Line Endings

2024-01-27

Have you ever opened a text file that you thought would look like this, with each line on a new line...

Mary had a little lamb,
Its fleece was white as snow (or black as coal).
And everywhere that Mary went,
The lamb was sure to go.
He followed her to school one day,
That was against the rule.
It made the children laugh and play
To see a lamb at school.

        

And instead found that it either was all on one single line or it was double spaced? If you have, then you've encountered the difference between Unix/Linux line endings and Windows line endings. Over the years, this has caused a lot of annoyance among a great many people. Most folks I've discussed line endings with are in the Unix/Linux camp, but I'll tell you why I prefer the Windows way.

We all know that writing is comprised of characters such as letters, numbers, punctuation, and spaces. But how does a computer know when to put text on a new line? This is where line endings come in. In plain text files there are two "control characters": CR (Carriage Return) and LF (Line Feed).
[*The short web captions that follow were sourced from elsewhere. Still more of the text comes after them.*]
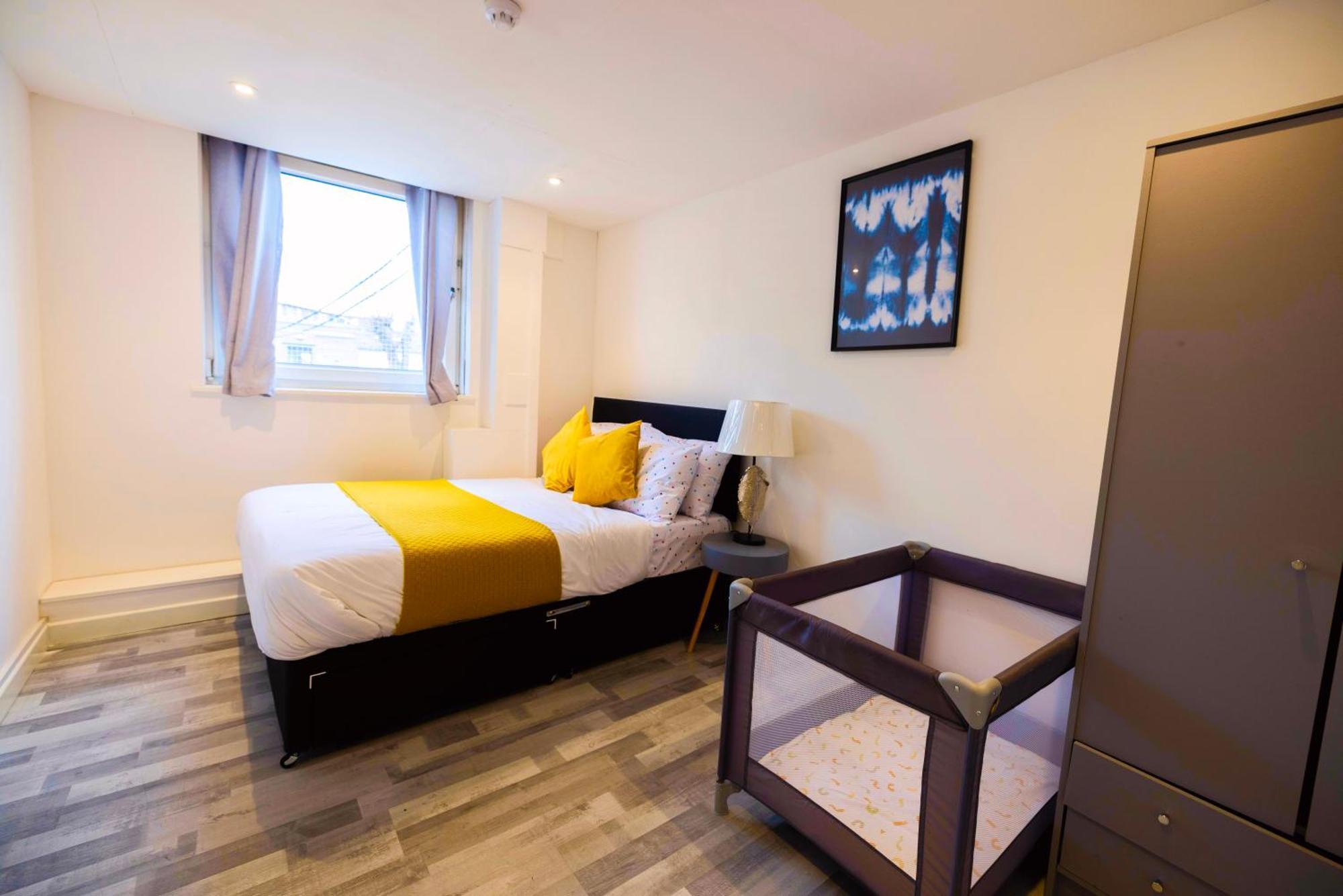 3 Bedroomflat-free Parking-wifi-parking-8people Lejlighed
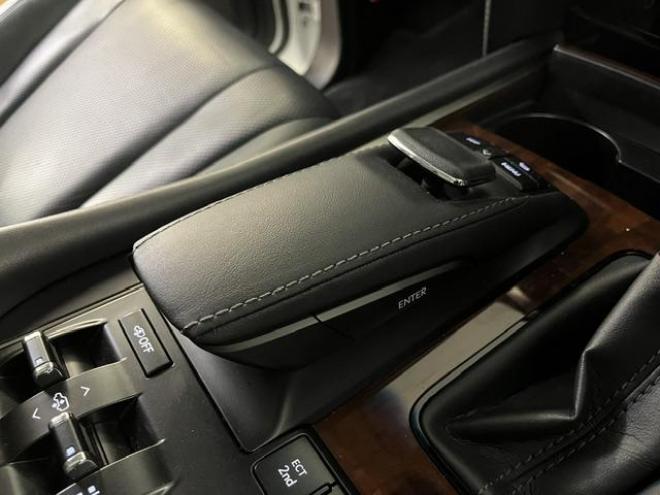 レクサスＬＸ５７０　本州仕入　寒冷地仕様　禁煙車　純正２０インチＡＷ　レクサスセーフティセンス　マークレビンソン　モデリスタスポイラー　純正ブラックレザーシート　社外１８インチＡＷ＋スタッドレスタイヤ　パノラミックビュー 4WD 5700 5Dr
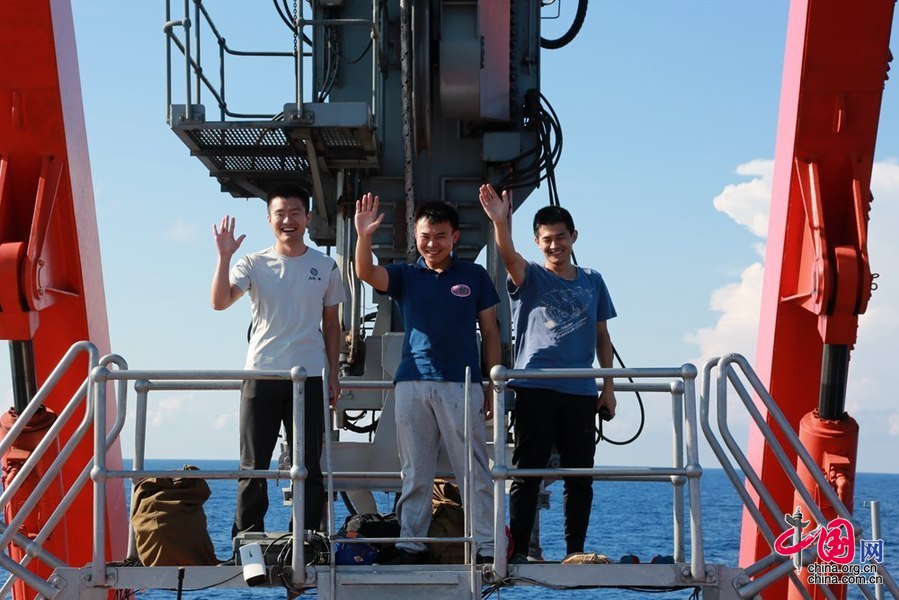 Submersível chinês Jiaolong completa segundo mergulho no Mar do Sul da China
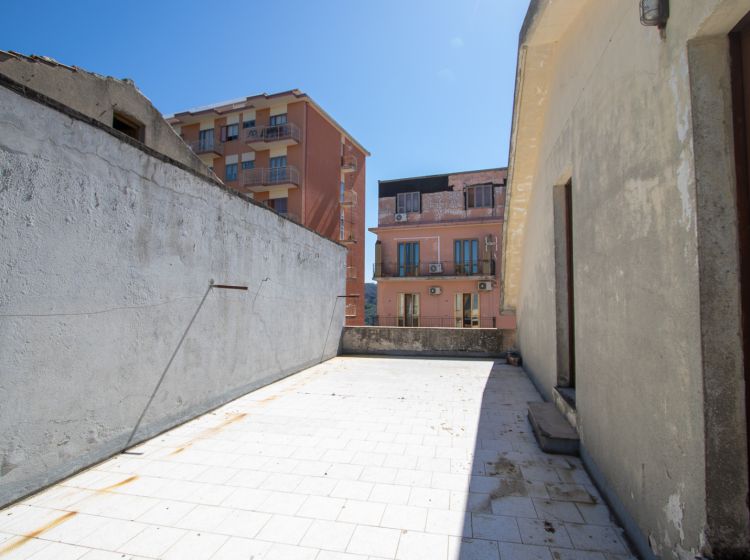 Trilocale in vendita, via Ettore Vitale, Pontegrande, Catanzaro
In the early days of computing, writing text on the computer was made analogous to typing text on a type writer. In fact, the early electronic typewriters would take text files directly as their input. This is why Carriage Return and Line Feed are part of the ASCII specification. They are both analogous to functionality of physical type writers.

A Carriage Return on a typewriter sends the carriage (the little hand what goes 'whack!') back to the far left hand side of the paper without advancing the paper up. This is useful if you want to type over something you've already typed (think strikeout).
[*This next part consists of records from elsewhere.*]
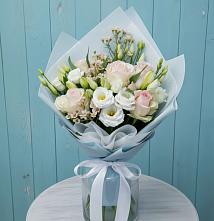 Букет цветов из:  Розы и Лизиантусы в Юдино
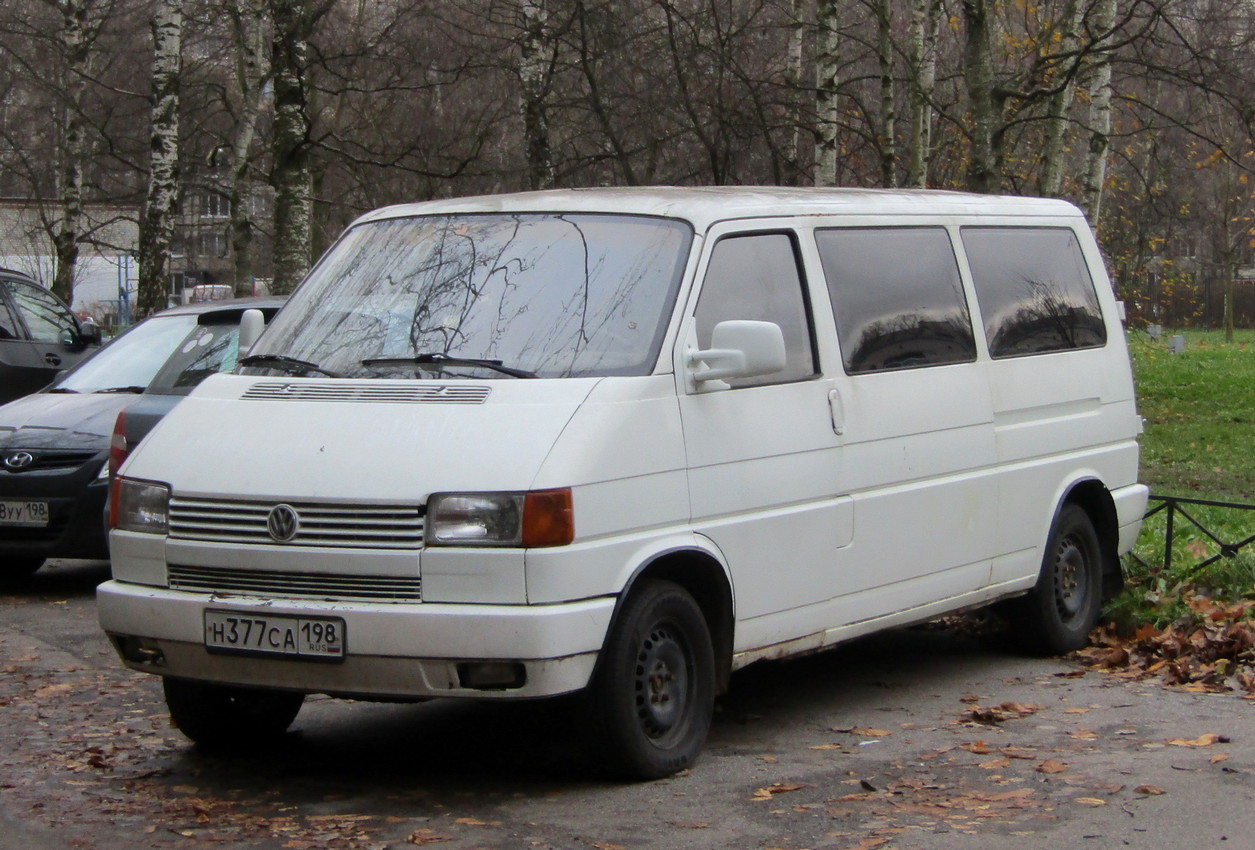Санкт-Петербург, № Н 377 СА 198 — Volkswagen Typ 2 (T4) '90-03
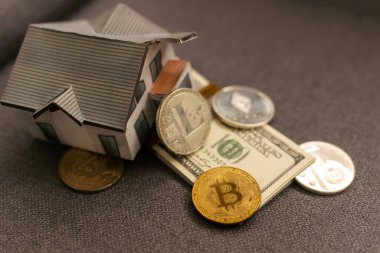 Cryptocurrency altın bitcoins sikke kopya alanı ile siyah arka plan üzerinde beyaz kağıt ev oyuncak. Emlak kavramı, yeni ev kavramı, Finans Kredi iş kavramı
A Line Feed advances the paper up, but leaves the carriage in it's horizontal location. This is useful if you want to type vertically or stagger text, like this

Mary
    Had
       A
        Little 
            Lamb

Both have their uses individually. When used in conjunction, you'll advance the paper and also return the carriage to the far left side, thus achieving what we commonly think of as a "new line".

Unix and Linux systems use just the Carriage Return character for newlines, whereas Windows uses Carriage Return Line Feed characters together.

Because these characters have specific meanings that mean different things, and because the point of including them in ASCII was to emulate physical type writers (and also be support in teletype) I believe that Windows got it right and Unix/Linux got this one wrong.